Dr. Fernández proposed the establishment of a World Alliance of Countries at Risk which would be “a great contribution towards designing and implementing policies to help save lives and minimize material damages.”
Many natural disasters, he pointed out, are caused by climate change, underscoring the need to set guidelines to regulate carbon emissions and protect the planet’s biodiversity.
“There is much work to be done around the world in order to define and implement policies and practices that allow us to prevent the negative impact of natural disasters,” the Dominican leader stressed.

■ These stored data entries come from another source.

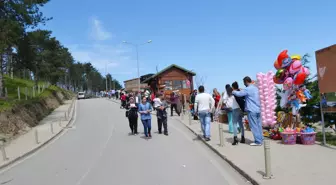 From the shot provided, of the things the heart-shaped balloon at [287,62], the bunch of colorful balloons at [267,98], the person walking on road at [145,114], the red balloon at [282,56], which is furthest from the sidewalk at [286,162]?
the person walking on road at [145,114]

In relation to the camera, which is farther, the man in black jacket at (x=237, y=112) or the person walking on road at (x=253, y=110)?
the man in black jacket at (x=237, y=112)

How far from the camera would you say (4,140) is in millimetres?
15172

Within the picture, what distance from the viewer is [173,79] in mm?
41688

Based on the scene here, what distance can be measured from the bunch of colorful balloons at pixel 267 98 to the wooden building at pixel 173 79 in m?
27.5

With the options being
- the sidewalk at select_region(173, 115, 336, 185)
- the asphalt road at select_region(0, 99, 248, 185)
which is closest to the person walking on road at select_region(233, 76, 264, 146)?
the sidewalk at select_region(173, 115, 336, 185)

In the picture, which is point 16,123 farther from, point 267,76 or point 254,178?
point 254,178

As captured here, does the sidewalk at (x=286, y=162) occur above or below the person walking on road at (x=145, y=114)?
below

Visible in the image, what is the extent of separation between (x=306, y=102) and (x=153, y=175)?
22.0 feet

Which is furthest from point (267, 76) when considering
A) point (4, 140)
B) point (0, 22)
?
point (0, 22)

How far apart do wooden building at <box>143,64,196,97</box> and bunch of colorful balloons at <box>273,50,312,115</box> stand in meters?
29.3

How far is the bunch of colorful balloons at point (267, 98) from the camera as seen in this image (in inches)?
499

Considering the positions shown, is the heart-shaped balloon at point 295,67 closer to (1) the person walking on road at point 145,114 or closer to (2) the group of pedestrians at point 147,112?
(2) the group of pedestrians at point 147,112

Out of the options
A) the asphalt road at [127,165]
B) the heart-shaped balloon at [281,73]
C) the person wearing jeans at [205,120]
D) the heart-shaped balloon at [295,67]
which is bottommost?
the asphalt road at [127,165]

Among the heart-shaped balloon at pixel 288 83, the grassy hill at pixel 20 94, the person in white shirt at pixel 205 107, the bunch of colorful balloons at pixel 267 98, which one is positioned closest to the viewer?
the heart-shaped balloon at pixel 288 83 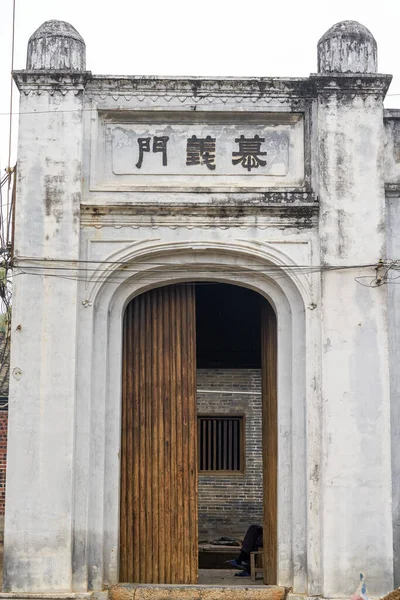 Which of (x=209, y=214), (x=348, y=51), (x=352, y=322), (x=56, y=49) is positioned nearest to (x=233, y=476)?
(x=352, y=322)

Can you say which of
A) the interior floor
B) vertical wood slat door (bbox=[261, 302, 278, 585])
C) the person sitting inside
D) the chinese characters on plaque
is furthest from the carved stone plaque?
the person sitting inside

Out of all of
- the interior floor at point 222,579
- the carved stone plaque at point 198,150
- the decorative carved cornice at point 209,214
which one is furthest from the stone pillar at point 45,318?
the interior floor at point 222,579

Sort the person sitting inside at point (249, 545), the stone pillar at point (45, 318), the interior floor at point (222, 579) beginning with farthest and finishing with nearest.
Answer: the person sitting inside at point (249, 545)
the interior floor at point (222, 579)
the stone pillar at point (45, 318)

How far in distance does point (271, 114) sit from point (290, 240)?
5.45 feet

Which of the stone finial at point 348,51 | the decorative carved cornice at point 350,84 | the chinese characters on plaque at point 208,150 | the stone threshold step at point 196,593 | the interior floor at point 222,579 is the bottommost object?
the interior floor at point 222,579

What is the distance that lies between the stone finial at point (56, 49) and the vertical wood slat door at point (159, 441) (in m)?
3.13

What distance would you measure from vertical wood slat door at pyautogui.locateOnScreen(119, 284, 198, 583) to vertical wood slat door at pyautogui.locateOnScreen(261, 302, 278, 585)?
983 millimetres

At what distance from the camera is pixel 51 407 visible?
11.1m

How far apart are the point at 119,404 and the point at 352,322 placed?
10.1 ft

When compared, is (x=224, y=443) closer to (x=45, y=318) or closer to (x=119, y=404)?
(x=119, y=404)

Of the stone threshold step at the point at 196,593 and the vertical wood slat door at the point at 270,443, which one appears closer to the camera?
the stone threshold step at the point at 196,593

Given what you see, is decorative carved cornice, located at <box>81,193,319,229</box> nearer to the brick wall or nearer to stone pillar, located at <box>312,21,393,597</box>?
stone pillar, located at <box>312,21,393,597</box>

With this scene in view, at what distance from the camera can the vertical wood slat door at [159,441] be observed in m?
11.7

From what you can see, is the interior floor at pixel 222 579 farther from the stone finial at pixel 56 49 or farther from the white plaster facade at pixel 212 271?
the stone finial at pixel 56 49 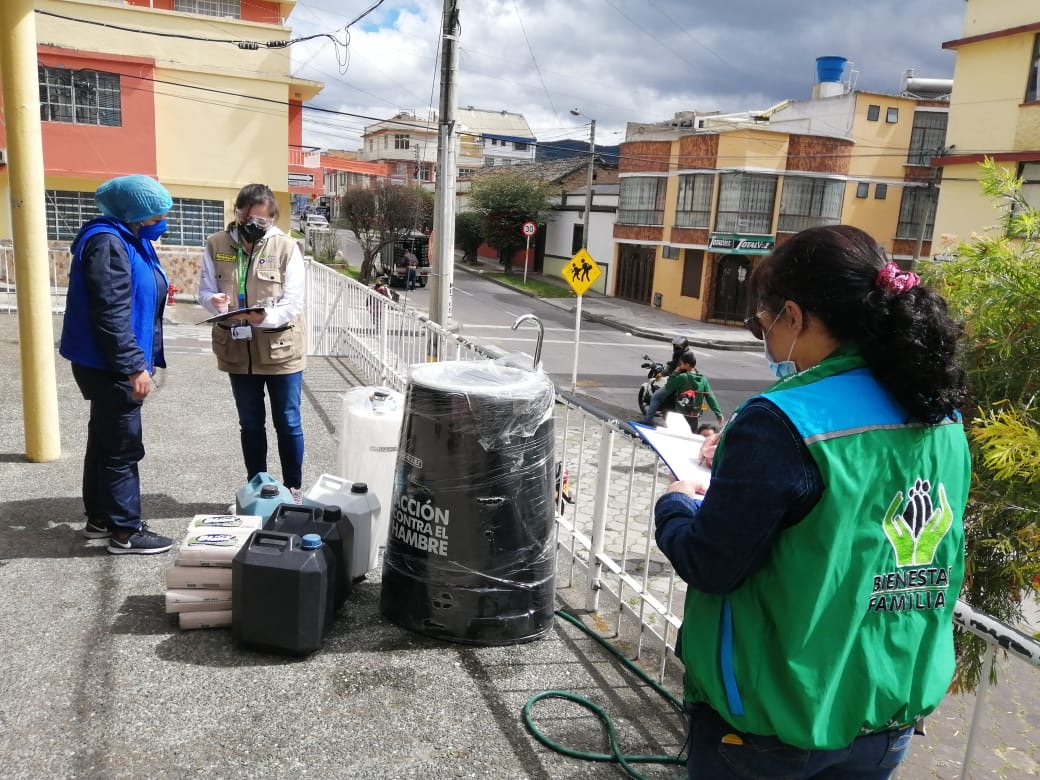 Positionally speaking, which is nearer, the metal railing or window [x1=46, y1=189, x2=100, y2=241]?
the metal railing

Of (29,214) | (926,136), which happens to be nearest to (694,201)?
(926,136)

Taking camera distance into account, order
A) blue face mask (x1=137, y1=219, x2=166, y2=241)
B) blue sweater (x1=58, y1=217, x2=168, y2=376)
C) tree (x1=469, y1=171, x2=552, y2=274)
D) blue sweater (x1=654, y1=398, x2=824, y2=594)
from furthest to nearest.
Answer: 1. tree (x1=469, y1=171, x2=552, y2=274)
2. blue face mask (x1=137, y1=219, x2=166, y2=241)
3. blue sweater (x1=58, y1=217, x2=168, y2=376)
4. blue sweater (x1=654, y1=398, x2=824, y2=594)

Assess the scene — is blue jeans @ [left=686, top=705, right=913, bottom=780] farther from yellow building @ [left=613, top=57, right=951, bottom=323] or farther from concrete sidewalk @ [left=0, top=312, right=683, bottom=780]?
yellow building @ [left=613, top=57, right=951, bottom=323]

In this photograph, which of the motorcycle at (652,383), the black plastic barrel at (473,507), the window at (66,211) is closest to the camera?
the black plastic barrel at (473,507)

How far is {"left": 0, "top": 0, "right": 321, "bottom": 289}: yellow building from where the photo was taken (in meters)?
23.3

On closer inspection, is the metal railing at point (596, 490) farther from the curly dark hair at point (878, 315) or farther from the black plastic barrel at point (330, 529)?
the curly dark hair at point (878, 315)

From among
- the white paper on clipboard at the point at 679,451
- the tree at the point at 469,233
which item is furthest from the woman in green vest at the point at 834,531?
the tree at the point at 469,233

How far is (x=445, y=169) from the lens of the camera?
11.8 metres

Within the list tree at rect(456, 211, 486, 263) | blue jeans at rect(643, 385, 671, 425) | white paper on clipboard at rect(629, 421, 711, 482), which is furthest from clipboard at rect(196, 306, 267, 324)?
tree at rect(456, 211, 486, 263)

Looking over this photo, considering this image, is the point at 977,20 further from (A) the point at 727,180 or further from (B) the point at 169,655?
(B) the point at 169,655

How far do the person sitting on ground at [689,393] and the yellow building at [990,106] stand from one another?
11.9 m

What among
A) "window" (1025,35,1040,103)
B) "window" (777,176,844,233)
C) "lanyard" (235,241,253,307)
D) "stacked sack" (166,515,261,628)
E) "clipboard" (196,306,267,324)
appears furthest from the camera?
"window" (777,176,844,233)

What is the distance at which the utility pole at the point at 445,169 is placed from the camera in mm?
11688

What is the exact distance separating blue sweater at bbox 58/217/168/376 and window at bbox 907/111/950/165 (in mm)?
36561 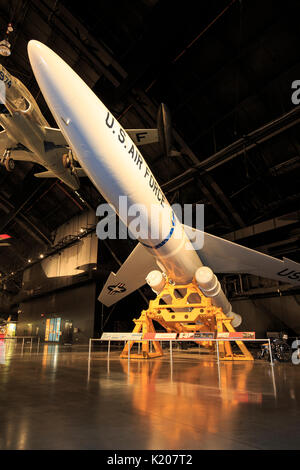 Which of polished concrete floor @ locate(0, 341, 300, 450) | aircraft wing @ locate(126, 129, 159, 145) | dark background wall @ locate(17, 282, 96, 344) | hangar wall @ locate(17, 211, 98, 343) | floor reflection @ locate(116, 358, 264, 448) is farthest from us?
hangar wall @ locate(17, 211, 98, 343)

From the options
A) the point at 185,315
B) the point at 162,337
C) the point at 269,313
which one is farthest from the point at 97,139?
the point at 269,313

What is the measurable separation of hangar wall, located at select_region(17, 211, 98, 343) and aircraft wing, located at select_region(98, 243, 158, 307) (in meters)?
9.68

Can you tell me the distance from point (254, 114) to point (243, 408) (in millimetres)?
12120

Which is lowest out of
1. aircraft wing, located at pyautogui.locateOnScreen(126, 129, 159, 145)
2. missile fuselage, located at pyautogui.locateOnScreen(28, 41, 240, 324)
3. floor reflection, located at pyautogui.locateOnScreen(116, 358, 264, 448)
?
floor reflection, located at pyautogui.locateOnScreen(116, 358, 264, 448)

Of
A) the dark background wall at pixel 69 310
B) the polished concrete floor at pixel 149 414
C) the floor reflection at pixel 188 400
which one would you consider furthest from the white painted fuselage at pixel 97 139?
the dark background wall at pixel 69 310

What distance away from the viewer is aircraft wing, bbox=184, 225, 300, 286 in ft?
27.8

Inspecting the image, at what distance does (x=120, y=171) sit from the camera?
16.3ft

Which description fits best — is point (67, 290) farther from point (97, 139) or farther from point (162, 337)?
point (97, 139)

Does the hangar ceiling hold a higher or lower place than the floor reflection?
higher

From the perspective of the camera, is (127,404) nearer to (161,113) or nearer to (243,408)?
(243,408)

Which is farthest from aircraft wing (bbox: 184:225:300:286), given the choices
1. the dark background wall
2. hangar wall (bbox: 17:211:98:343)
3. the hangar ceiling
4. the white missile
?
the dark background wall

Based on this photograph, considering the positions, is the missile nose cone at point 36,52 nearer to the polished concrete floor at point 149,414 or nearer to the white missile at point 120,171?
the white missile at point 120,171

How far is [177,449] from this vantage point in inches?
73.5

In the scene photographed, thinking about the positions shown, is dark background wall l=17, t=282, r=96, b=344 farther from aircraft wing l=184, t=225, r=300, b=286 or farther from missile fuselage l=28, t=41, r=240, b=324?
missile fuselage l=28, t=41, r=240, b=324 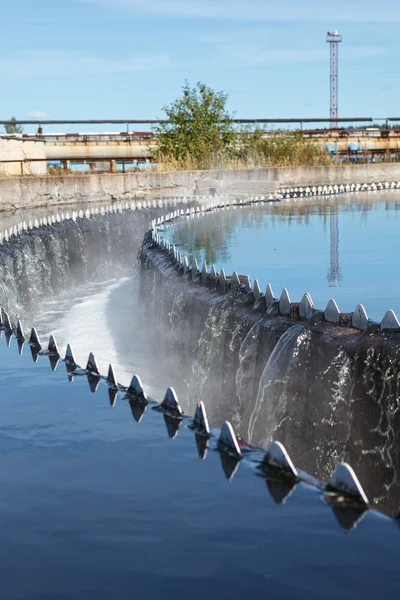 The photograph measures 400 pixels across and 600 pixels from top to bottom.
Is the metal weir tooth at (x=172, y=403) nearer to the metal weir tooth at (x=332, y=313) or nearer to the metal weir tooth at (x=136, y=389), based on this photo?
the metal weir tooth at (x=136, y=389)

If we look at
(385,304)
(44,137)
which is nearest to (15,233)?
(385,304)

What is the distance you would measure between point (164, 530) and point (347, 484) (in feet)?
2.81

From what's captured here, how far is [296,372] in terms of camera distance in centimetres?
791

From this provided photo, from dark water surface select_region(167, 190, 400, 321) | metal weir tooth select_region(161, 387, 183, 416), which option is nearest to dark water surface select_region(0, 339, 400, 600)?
metal weir tooth select_region(161, 387, 183, 416)

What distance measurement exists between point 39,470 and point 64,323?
1290cm

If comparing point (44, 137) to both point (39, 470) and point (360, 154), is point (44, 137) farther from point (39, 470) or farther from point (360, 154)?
point (39, 470)

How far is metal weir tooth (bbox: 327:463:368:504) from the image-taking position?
4.12 meters

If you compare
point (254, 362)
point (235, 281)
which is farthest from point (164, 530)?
point (235, 281)

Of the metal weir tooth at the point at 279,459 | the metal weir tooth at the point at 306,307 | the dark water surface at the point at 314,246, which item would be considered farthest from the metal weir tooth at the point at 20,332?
the metal weir tooth at the point at 279,459

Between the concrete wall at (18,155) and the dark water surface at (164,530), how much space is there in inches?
1186

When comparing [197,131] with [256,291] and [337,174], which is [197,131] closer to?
[337,174]

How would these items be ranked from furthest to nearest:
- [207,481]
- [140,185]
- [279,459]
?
[140,185] → [279,459] → [207,481]

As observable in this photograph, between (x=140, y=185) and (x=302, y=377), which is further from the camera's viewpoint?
(x=140, y=185)

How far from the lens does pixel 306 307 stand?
8156mm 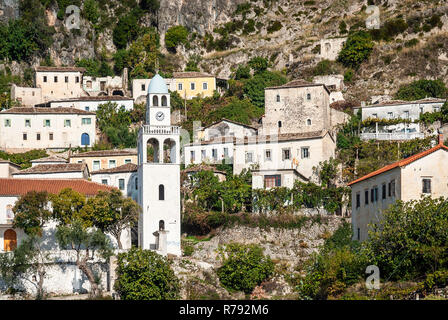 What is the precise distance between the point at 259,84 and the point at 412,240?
180 ft

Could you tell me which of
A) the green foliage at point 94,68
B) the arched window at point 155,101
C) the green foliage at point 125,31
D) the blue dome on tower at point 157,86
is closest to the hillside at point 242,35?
the green foliage at point 125,31

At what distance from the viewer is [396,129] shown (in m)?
87.8

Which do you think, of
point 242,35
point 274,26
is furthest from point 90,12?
point 274,26

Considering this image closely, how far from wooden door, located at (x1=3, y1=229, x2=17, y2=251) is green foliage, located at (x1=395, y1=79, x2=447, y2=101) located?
156 ft

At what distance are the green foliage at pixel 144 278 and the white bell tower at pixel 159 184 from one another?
4.84 meters

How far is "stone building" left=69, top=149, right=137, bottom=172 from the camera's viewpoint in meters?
85.9

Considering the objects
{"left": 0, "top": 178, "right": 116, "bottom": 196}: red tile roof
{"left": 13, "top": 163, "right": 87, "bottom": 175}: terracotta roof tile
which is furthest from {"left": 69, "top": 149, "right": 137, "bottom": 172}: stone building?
{"left": 0, "top": 178, "right": 116, "bottom": 196}: red tile roof

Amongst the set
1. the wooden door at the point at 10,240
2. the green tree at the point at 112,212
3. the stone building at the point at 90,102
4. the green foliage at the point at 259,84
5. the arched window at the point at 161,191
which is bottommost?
the wooden door at the point at 10,240

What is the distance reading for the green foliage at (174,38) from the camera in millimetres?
120012

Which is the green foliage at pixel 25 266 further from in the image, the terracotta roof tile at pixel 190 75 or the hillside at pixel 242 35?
the hillside at pixel 242 35

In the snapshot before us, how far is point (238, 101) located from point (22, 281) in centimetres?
4376

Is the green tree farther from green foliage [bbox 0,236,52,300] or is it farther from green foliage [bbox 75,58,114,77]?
green foliage [bbox 75,58,114,77] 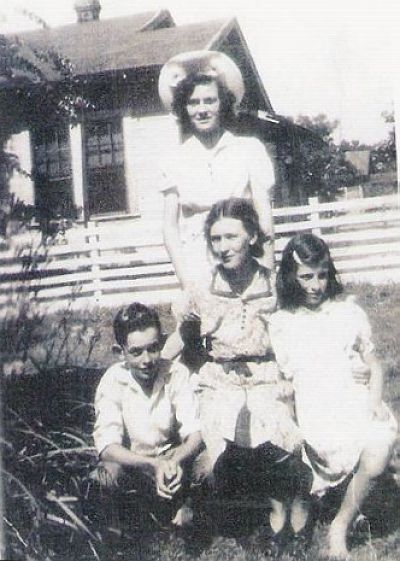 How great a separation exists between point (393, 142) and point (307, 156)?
463 millimetres

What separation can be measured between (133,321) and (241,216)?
0.25 meters

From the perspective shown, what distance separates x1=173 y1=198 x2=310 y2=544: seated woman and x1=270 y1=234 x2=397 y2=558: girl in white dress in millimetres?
40

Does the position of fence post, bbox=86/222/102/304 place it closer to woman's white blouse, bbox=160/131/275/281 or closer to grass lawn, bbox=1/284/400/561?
grass lawn, bbox=1/284/400/561

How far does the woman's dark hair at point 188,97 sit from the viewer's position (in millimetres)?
1275

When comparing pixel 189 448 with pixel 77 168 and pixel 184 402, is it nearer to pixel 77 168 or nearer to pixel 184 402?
pixel 184 402

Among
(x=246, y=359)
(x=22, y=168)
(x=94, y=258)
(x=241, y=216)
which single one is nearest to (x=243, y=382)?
(x=246, y=359)

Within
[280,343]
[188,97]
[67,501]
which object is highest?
[188,97]

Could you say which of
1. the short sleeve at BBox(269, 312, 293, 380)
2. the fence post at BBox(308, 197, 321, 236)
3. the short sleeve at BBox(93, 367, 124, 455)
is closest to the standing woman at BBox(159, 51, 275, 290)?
the short sleeve at BBox(269, 312, 293, 380)

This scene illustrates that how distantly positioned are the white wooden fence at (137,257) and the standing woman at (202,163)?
0.80ft

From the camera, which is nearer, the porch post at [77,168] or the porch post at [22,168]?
the porch post at [22,168]

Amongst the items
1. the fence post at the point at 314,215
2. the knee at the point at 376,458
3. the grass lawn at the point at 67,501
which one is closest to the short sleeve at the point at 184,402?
the grass lawn at the point at 67,501

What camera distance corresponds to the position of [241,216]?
1.22m

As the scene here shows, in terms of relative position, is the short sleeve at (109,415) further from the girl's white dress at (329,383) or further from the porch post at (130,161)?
the porch post at (130,161)

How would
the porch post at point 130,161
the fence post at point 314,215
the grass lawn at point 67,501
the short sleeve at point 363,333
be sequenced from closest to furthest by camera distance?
the grass lawn at point 67,501 < the short sleeve at point 363,333 < the porch post at point 130,161 < the fence post at point 314,215
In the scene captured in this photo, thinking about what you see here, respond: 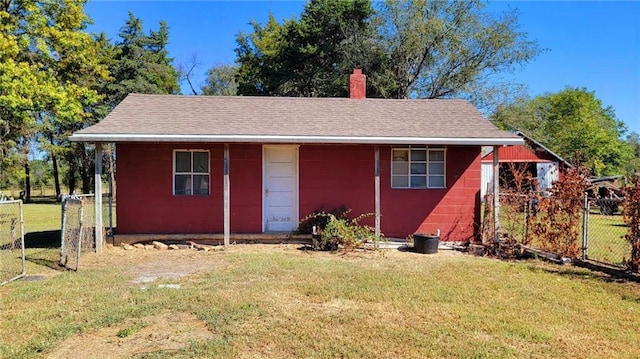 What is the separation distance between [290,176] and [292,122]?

It is vital, he said, to couple risk management with development and land-use planning. Early warning systems must be implemented in coastal areas, at-risk cities, schools and hospitals, while critical infrastructure must urgently be updated to resist future catastrophes and minimize the loss of human life.
Also calling for a new mechanism to stave off the worst effects of natural disasters at the Assembly debate today was Turkish President Abdullah Gül.
“This would also help maintain international peace and security by mitigating the threats stemming from weak governance, collapse of public order and domestic or inter-State conflicts over diminishing natural resources,” he noted.
Dedicating just a small fraction of nations’ defence expenditures to financing this new mechanism could more cost-effectively achieve results in maintaining global peace and stability, he said.
“Moreover,” the Turkish leader said, “If we could pool some of our defence equipment that lost its effective utilization in military terms but are still relevant disaster relief operations, we would swiftly build the said rapid reaction capability.